Notably, the mixed HB vibrational modes lead to a broad overlapping zone below 280 cm⁻¹. Because the HB strength is determined by the bond length and included angle [29], we analyze the intramolecular HB bond lengths and the included angles between HBs around one central molecule in the tetrahedron, as presented by the distributions in Figure 4. The included angles are divided into two groups at $105° \pm 5°$ and 130° (109°28′ in an ideal tetrahedron), and the bond lengths range from 1.82 Å to 1.89 Å (1.79 Å to 1.87 Å in ice Ic [21]). This demonstrates how high pressure deforms the tetrahedral structure of ice III. Similar to our previous discussions on ice V [30], the tetrahedral symmetry in ice III is remarkably distorted by this high pressure. Unlike the six-membered rings that exist under atmospheric pressure, five-, seven-, and eight-membered rings occur in ice III [31]. Moreover, the five-membered rings combine to form bicyclo-heptamers [32]. The broad distributions of bond lengths and deformed angles result in various HB strengths. This is the origin of the energy splitting in both the two-bond and four-bond modes. By comparison, ice IX, the H-ordered counterpart of ice III, has two relatively well-defined HB peaks, as shown in Figure 1. This is because the simple primitive cell of ice IX reduces the phonon complexity, making the spectrum simpler to interpret.

4. Conclusions

To clarify the vibrational characteristics of H-disordered ice III in the far-IR region, we calculated its normal modes and PDOS curve. The good agreement between the PDOS and INS experimental data enabled us to further investigate the HB normal modes. Although its H-ordered counterpart, ice IX, presents two HB peaks, the experimental and simulated results for ice III presented multiple peaks in the HB region. Based on the theory of two HB vibrational modes, we found that the deformation of local tetrahedra by high pressure may be responsible for the energy splitting for both two-bond and four-bond modes. The overlapping of nondegenerate phonons produced a flat vibrational band.

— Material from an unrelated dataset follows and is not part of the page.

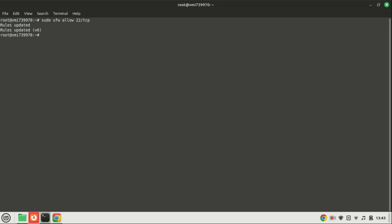You can add firewall rules even if the UFW firewall is not enabled. You can now enable the firewall by running this command.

We first found the two kinds of intrinsic HB vibrational modes in H-ordered ice Ic, which has only two molecules per primitive cell [21]. Then, we confirmed that the two distinct HB peaks in ice Ih originated from these two kinds of HB modes [19]. By now, we have investigated almost all the ice phases, thereby determining that this is a general rule for ice because of its local tetrahedral structure [18]. Based on these new findings, we have obtained a deeper understanding of the HB interactions in water ice and their broad role in nature.